Abbreviations: CPR, Cardiopulmonary resuscitation; DNACPR, Do not attempt cardiopulmonary resuscitation; ICU, Intensive care unit; PAPR, Powered air-purifying respirator; PPE, Personal protective equipment.

To secure the airway in COVID-19 cardiac arrest, 41% (n = 65) preferred insertion of laryngeal mask airway (LMA) over endotracheal intubation as they believed LMA is more effective. Sixty-seven percent (n = 107) practiced disconnecting the ventilator during resuscitation of COVID-19 cardiac arrest patient. Only 32.7% (n = 52) of the respondents recognised the importance of the two-hand bag-valve-mask (BVM) ventilation technique. Nearly 70% (n = 111) of respondents were unaware that chest compression can be done in prone position. Overall, only 27% (n = 43) correctly practice COVID-19 resuscitation based on the ERC guidelines (score >60%), with a mean score of 53.7% (SD = 14.7).
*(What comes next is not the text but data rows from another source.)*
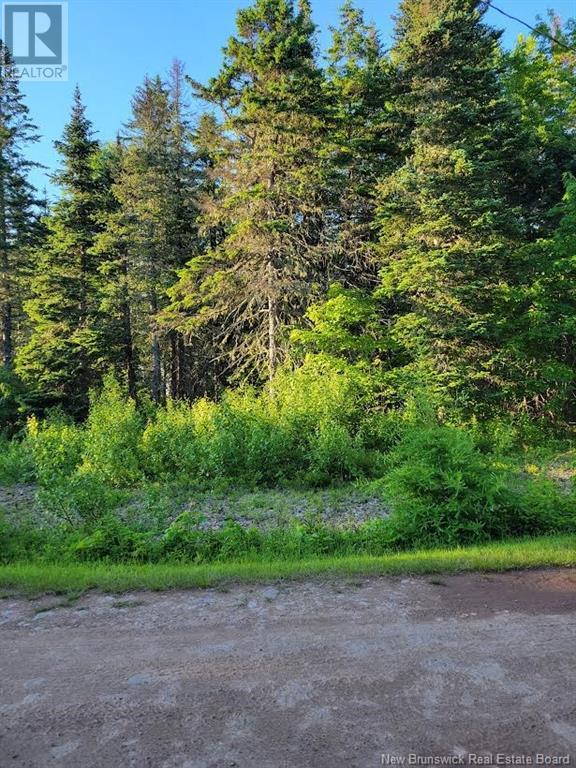 Photo 3 of Lot 79 18 Morton Lane, Cumberland Bay NB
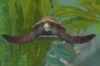 Softshell Sea Turtle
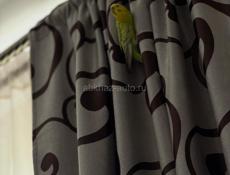 Волнистый попугайчик 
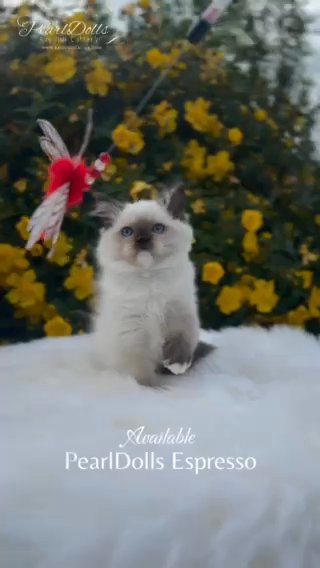 ⭐️GCCF⭐️ Ragdoll Seal Mitted Girl • PearlDolls Espresso in Lincoln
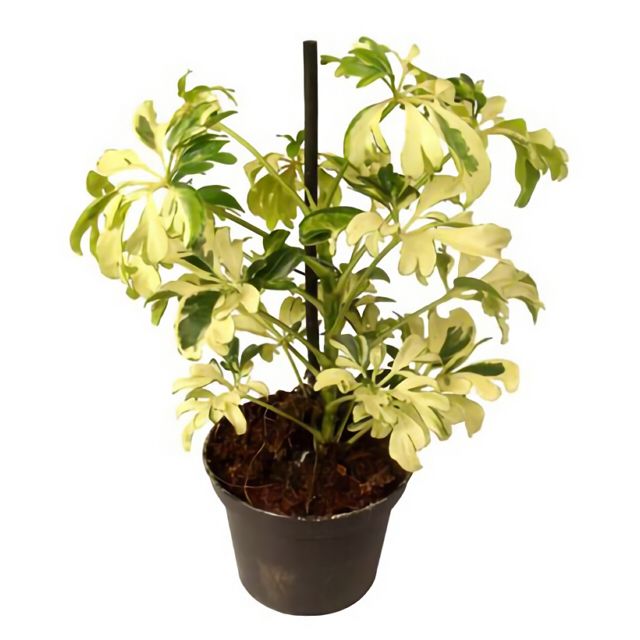 Schefflera Janine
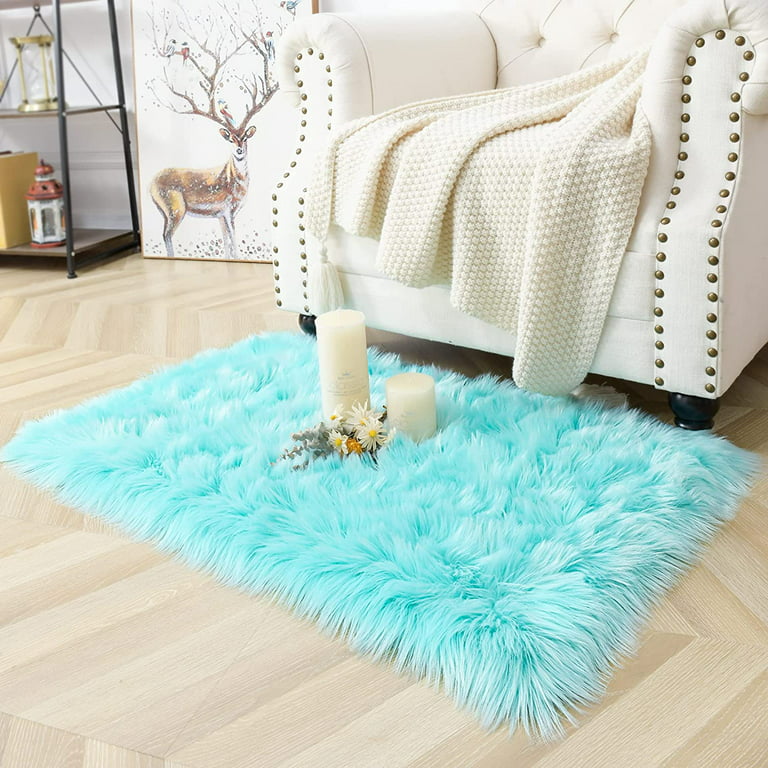 Lochas Fluffy Soft Shag Carpet Rug for Living Room Bedroom Big Area Rugs  Floor Mat, 3'x5',Turquoise Blue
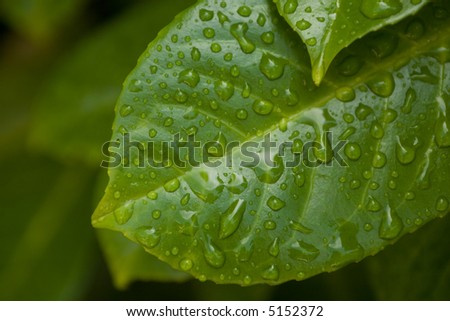 water drop on the leafs after the rain - shallow depth of field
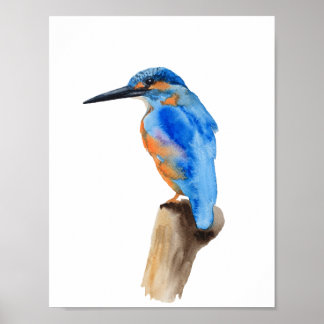 Blauwe ijsvogel poster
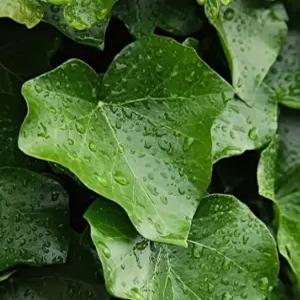 아이비묘목 포트묘목 유실수 약용수 조경수 꽃나무(TB)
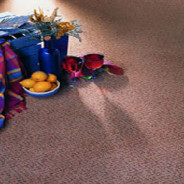 Cavalier Carpets – Confetti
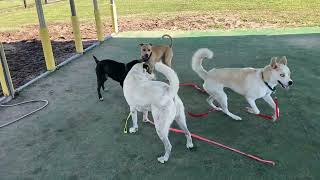 7/7/2026 #shelterdog #playgroup with puppy Hercules Chloe Kimbo Banana Peatrie #puppy  Willie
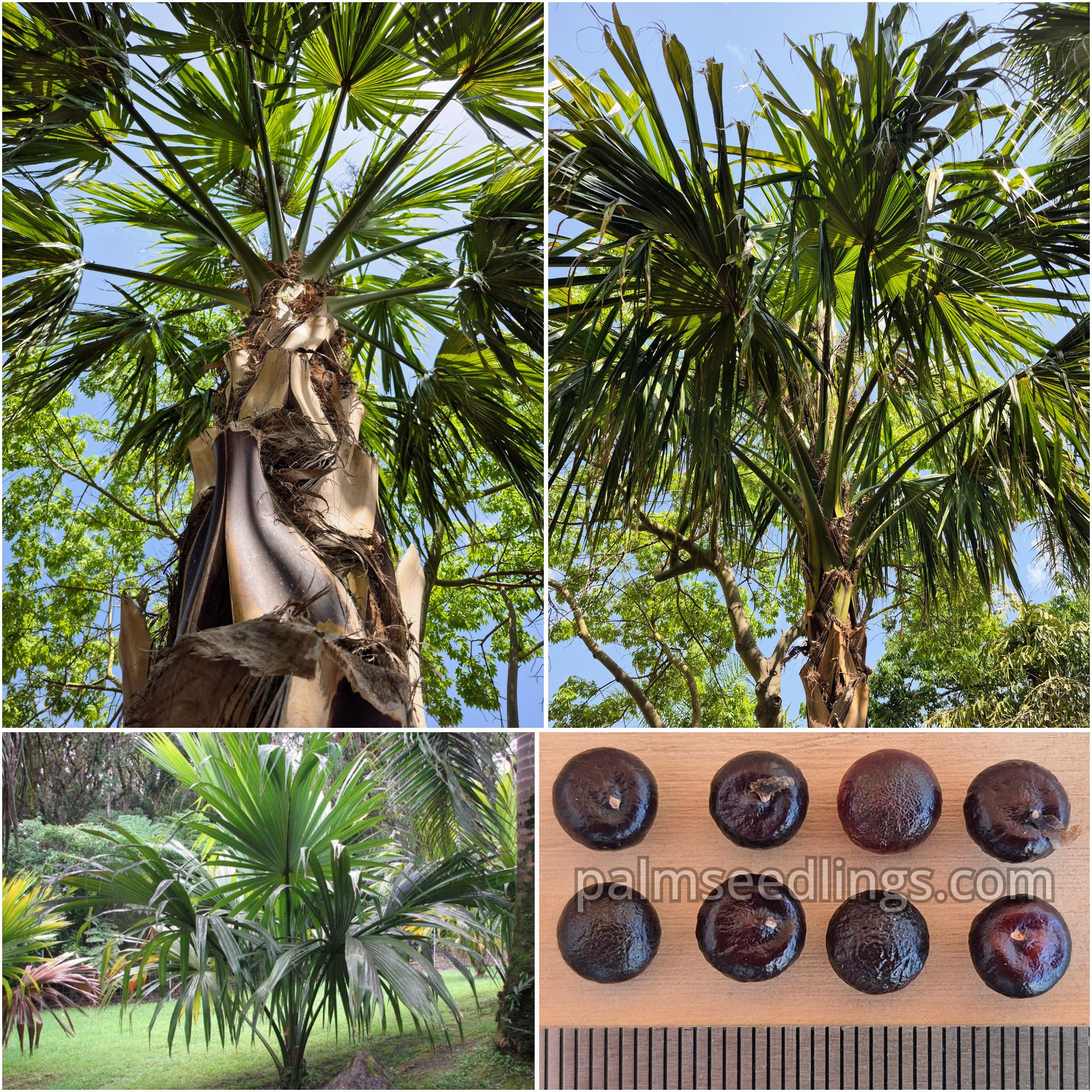 Sabal mauritiiformis seeds for sale – buy fresh palm tree seeds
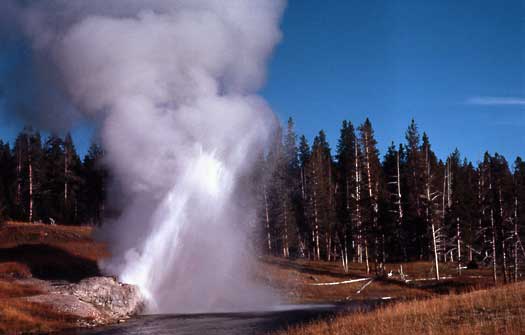 Riverside Geyser ejects water from its vent out over the Firehole River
Emergency physicians and MO adhered better to ERC guidelines compared to other designations with 66.6% (SD = 10.2) and 62.5% (SD = 14.8), respectively. Respondents who had more than 5 years of working experience scored better in practice domain compared to those less experienced (55.7%, SD = 13.8 versus 47.0%, SD = 15.6). The mean practice score among respondents who attained bachelor’s (60.5%, SD = 15.8) and master’s degree (66.1%, SD = 10.3) were higher than those of lower qualifications. Respondents with ACLS and COVID-19 training conferred higher mean scores of 58.1 (SD = 14.9) and 54.8 (SD = 15.0), respectively [Table 2].

4. Discussions

This study evaluated respondents’ KAP towards the COVID-19 resuscitation protocol by the ERC. Sixty-eight percent (n = 108) respondents had adequate knowledge on COVID-19 resuscitation, similar to previous studies [13], [15]. Majority of the respondents had adequate knowledge on COVID-19 mode of transmission, AGP, and proper PPE usage. However, this did not translate into good practice as shown by the low correlation coefficient (r-value) of 0.214, p = 0.007 [Table 4 ]. It is worth noting that this study was conducted during the rapid surge of COVID-19 cases in Malaysia [1]. Afulani et al. found that during massive COVID-19 outbreak, suboptimal pandemic preparedness, stigma of infection, and fear of poor patient outcomes negatively impact patient care [19]. Burnout and fatigue during patient influx were also found to cause feelings of cynicism, pessimism, and negativism inadvertently leading to suboptimal patient care [20].

Table 4.

Correlation coefficicents between mean scores of knowledge, attitude and practice.

Variable Correlation coefficient (r-value) P- value
Knowledge-Attitude 0.092 0.251
Knowledge-Practice 0.214 0.007*
Attitude-Practice 0.133 0.095
*

Correlation significant at 0.01 level (2-tailed).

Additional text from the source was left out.